🤖 AI Summary
Current annotation-free sign language translation (SLT) models struggle to accurately recognize high-speed finger spelling and effectively integrate asynchronous facial cues—such as lip movements—leading to degraded translation performance for critical information like proper nouns. To address this, we propose a modular multi-expert parallel architecture that separately models continuous signing, finger spelling, and lip-reading signals. Cross-modal coordination is achieved via a lightweight temporal alignment Transformer, followed by translation generation using a large language model. This design explicitly decouples complex multimodal couplings, significantly improving fidelity of key linguistic elements. Evaluated on the How2Sign dataset, our approach achieves a BLEU-4 score of 23.5; on the Chicago Fingerspelling dataset, it attains a letter accuracy of 73.2%, establishing new state-of-the-art results on both benchmarks.
📝 Abstract
Despite progress in gloss-free Sign Language Translation (SLT), monolithic end-to-end models consistently fail on two critical components of natural signing: the precise recognition of high-speed fingerspelling and the integration of asynchronous non-manual cues from the face.
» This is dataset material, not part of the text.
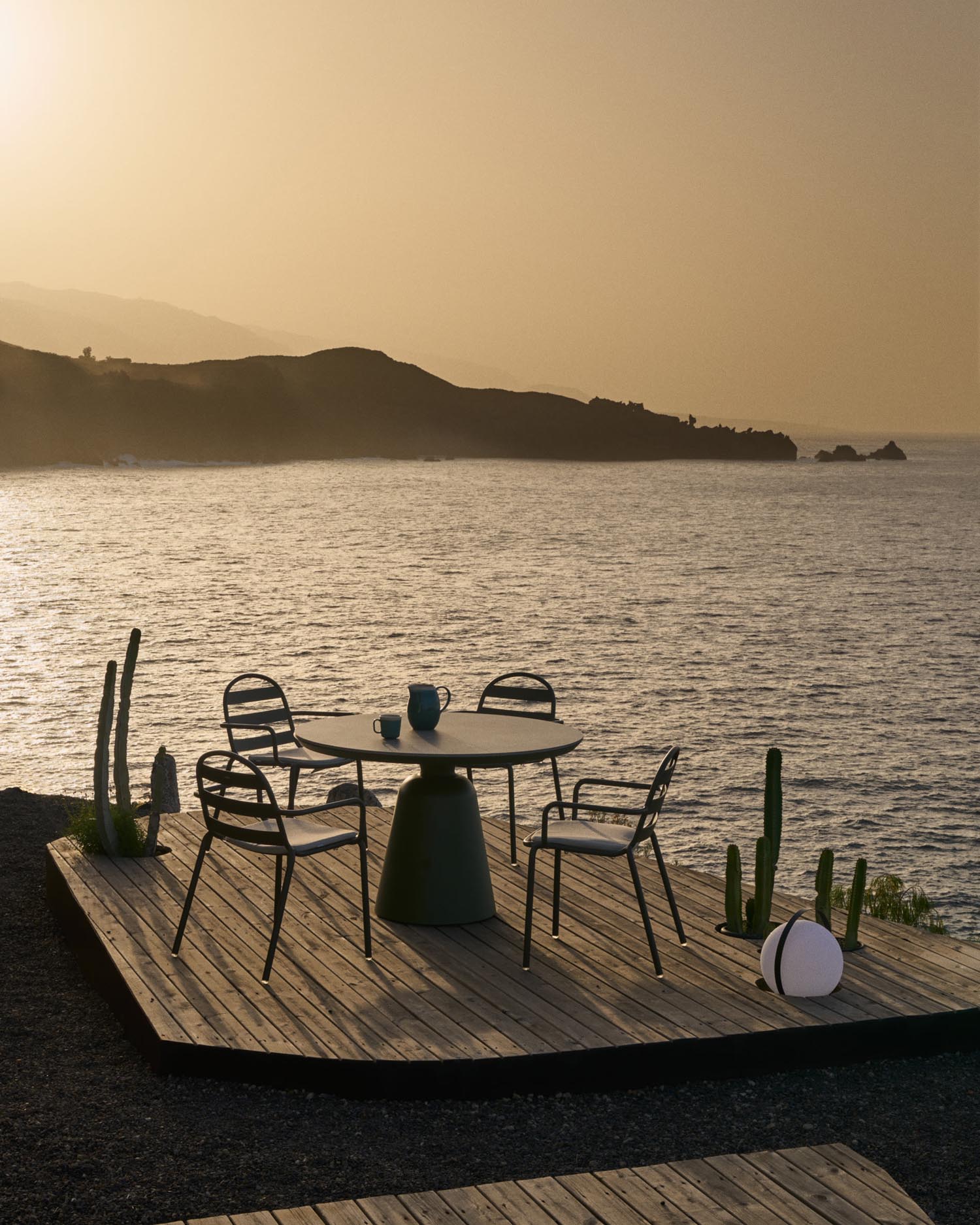 Das Kissen Joncols in Grau (43 x 41 cm) von Kave Home bietet stilvollen Komfort für Ihren Gartenstuhl und ist ideal für entspannte Stunden im Freien.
Recent progress in Automated Sign Language Translation with Large Language Models has side stepped this challenge, forcing a single network to learn these simultaneously resulting in poor performance when tasked with translating crucial information such as names,places, and technical terms. We introduce MultiStream-LLM, a modular framework designed to overcome these limitations. Our approach employs separate, specialized predictors for continuous signing, fingerspelling, and lipreading. Each expert network first decodes its specific modality into a sequence of tokens. These parallel streams are then fused by a lightweight transformer that resolves temporal misalignments before passing the combined representation to a Large Language Model (LLM) for final sentence generation. Our method establishes a new state-of-the-art on the How2Sign benchmark with a BLEU-4 score of 23.5 and achieves 73.2% letter accuracy on the challenging ChicagoFSWildPlus fingerspelling dataset. These results validate our core hypothesis: by isolating and solving distinct recogni tion tasks before fusion, our multi-expert approach provides a more powerful and effective pathway to robust, high-fidelity sign language translation.